**Your goal**.
The lines below from the one with "iluminare valiza plastic" up to and including the one with "Biele/čierne kovové nástenné" are what you should set down, exactly and without pictures.

**Dataset records**.
--------------------------------------------------

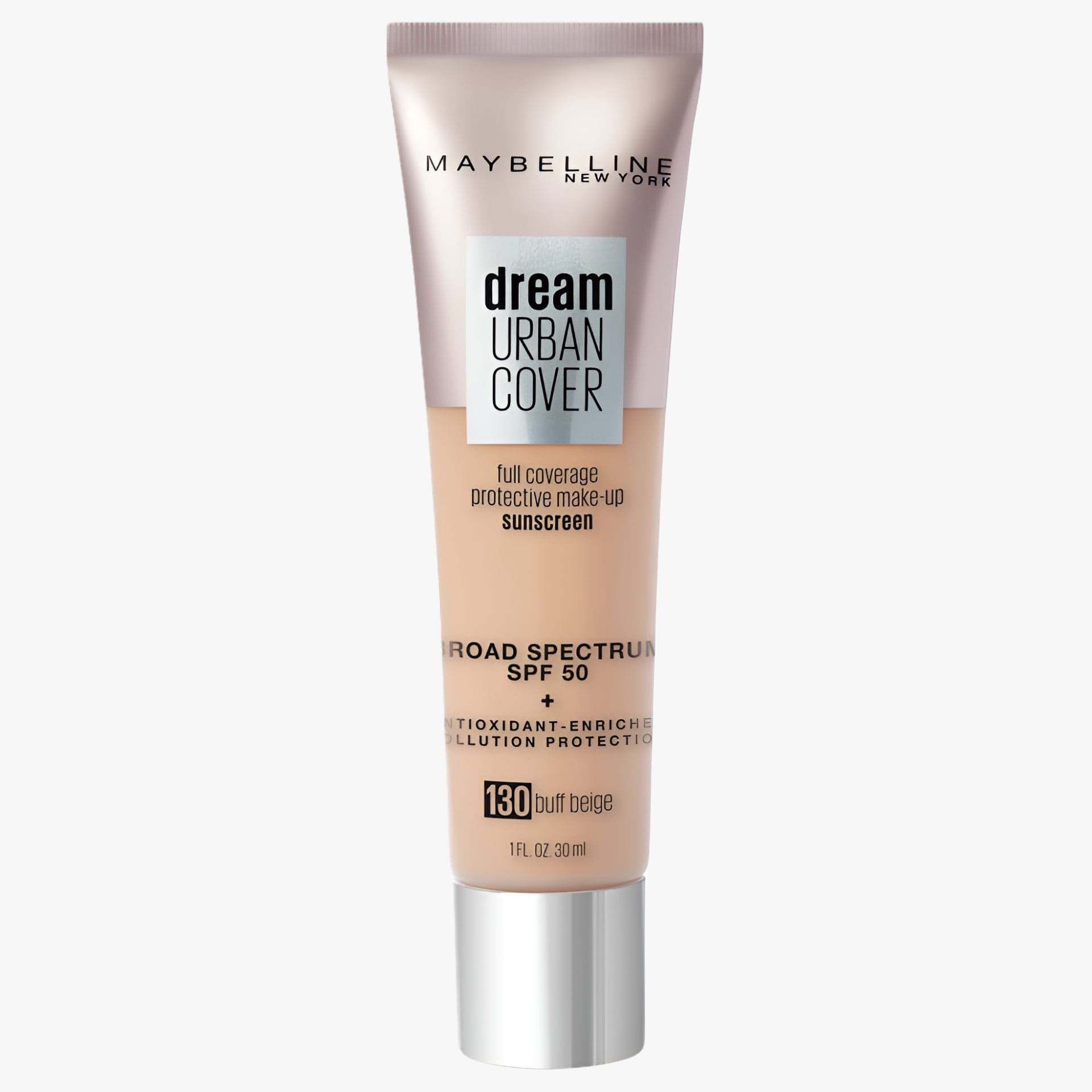 Maybelline New York Dream Urban Cover® Flawless Coverage Foundation Makeup, SPF 50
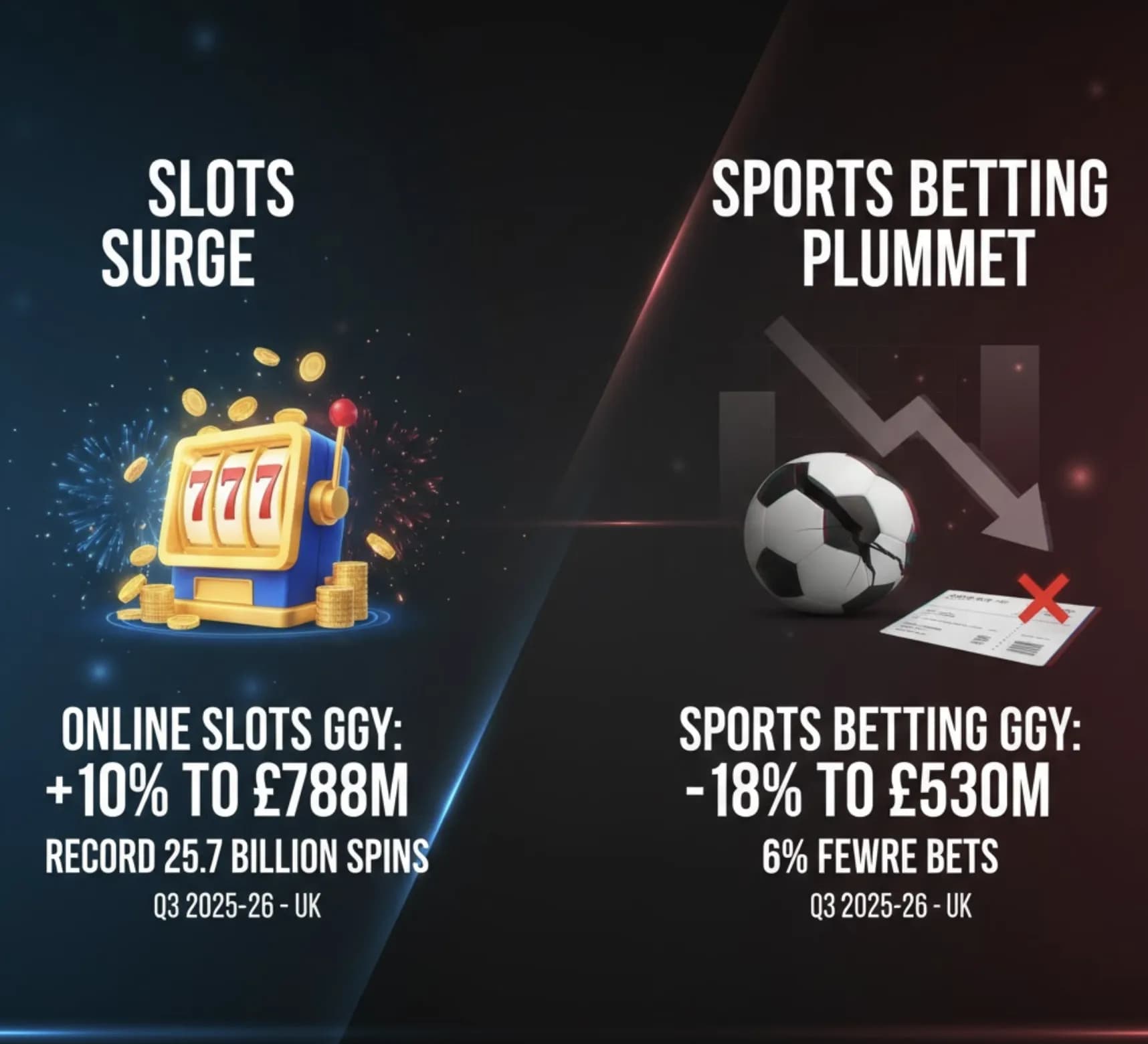 UK Market Shift: Online Slots Smash Records While Sports Betting Falters
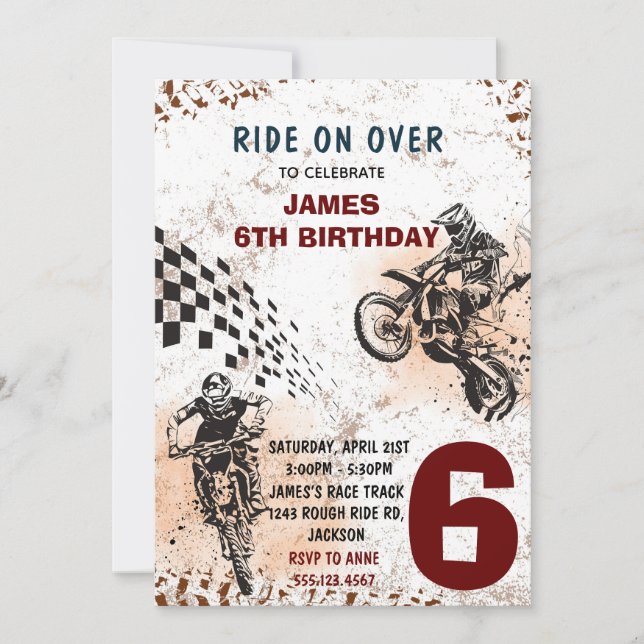 Motorrad Einladung Dirt Bike Party Einladung (Vorderseite)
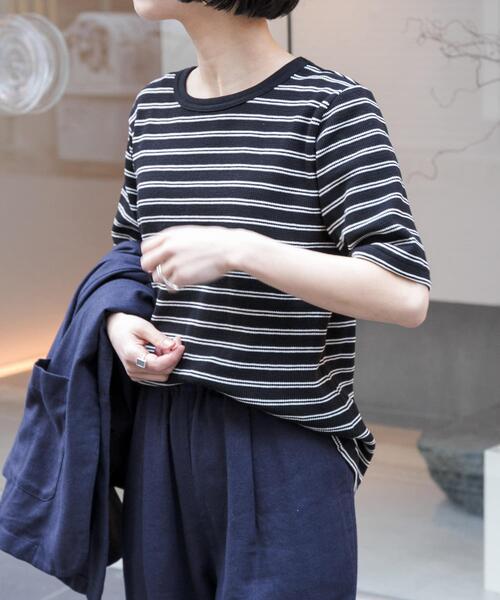 FORK&SPOON（フォークアンドスプーン）の「FORK&SPOON　ワッフルジャガードTシャツ（Tシャツ/カットソー・レディース・ブルー系その他/オフホワイト/ブラック系その他/ブラウン系その他・1）」の20枚目の写真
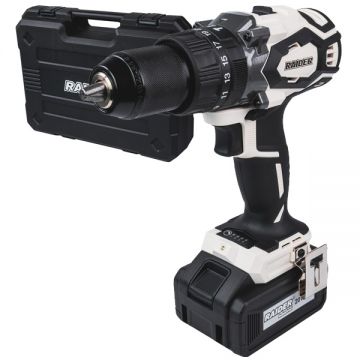 Raider  RDI-CDB03W - Masina de gaurit si insurubat cu percutie cu 1 acumulator Li-Ion 20 V 4 Ah 155 Nm motor fara perii led iluminare valiza plastic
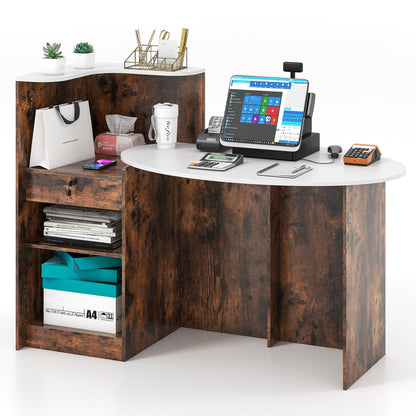 Modern Reception Desk, Oval Tabletop, Rustic Brown Computer Desks at Gallery Canada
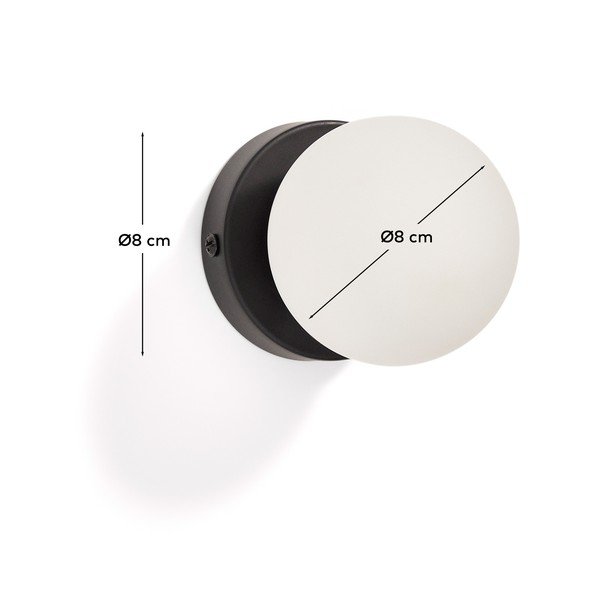 Biele/čierne kovové nástenné svietidlo ø 8 cm Brisia – Kave Home-image-3
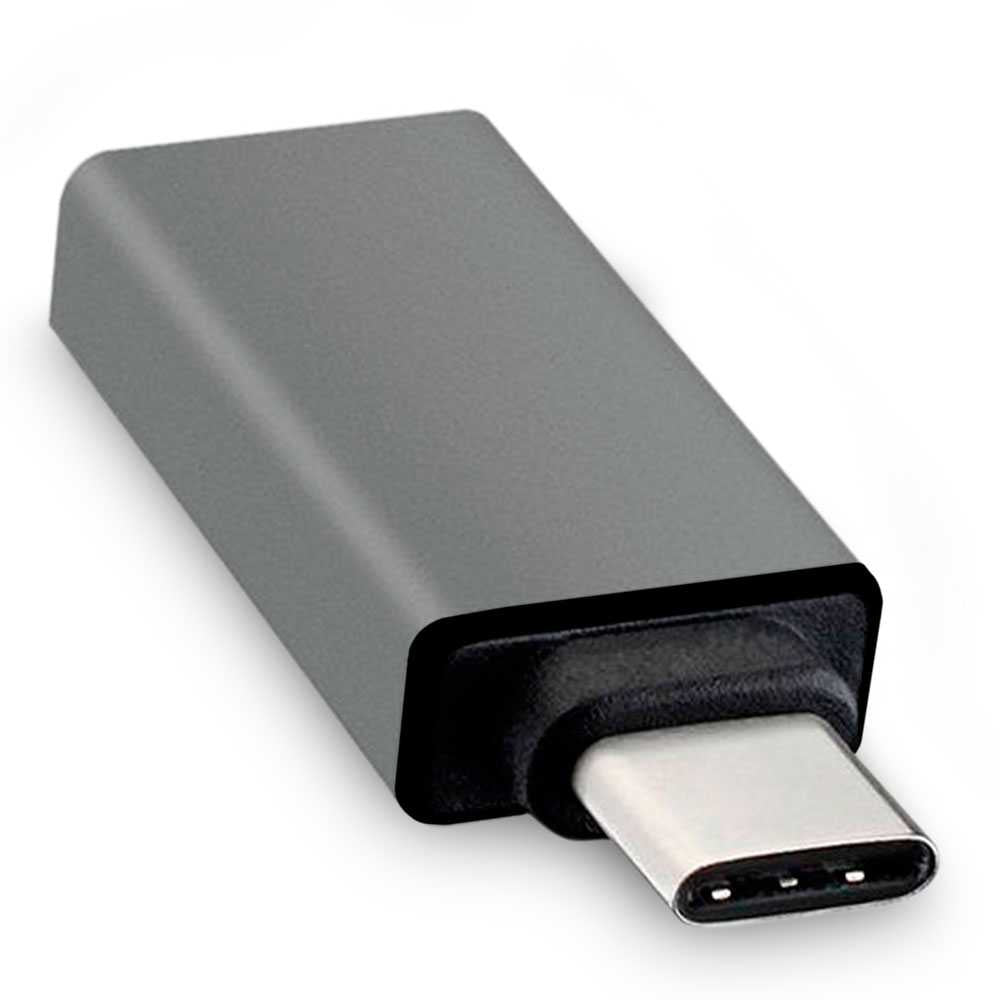 Adaptador de USB 3.0 Hembra a Tipo C Macho Función On The Go Gris para Teléfonos Smartphones Tablets Convertidor OTG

--------------------------------------------------

**Response for this exercise**.
 Raider  RDI-CDB03W - Masina de gaurit si insurubat cu percutie cu 1 acumulator Li-Ion 20 V 4 Ah 155 Nm motor fara perii led iluminare valiza plastic
 Modern Reception Desk, Oval Tabletop, Rustic Brown Computer Desks at Gallery Canada
 Biele/čierne kovové nástenné svietidlo ø 8 cm Brisia – Kave Home-image-3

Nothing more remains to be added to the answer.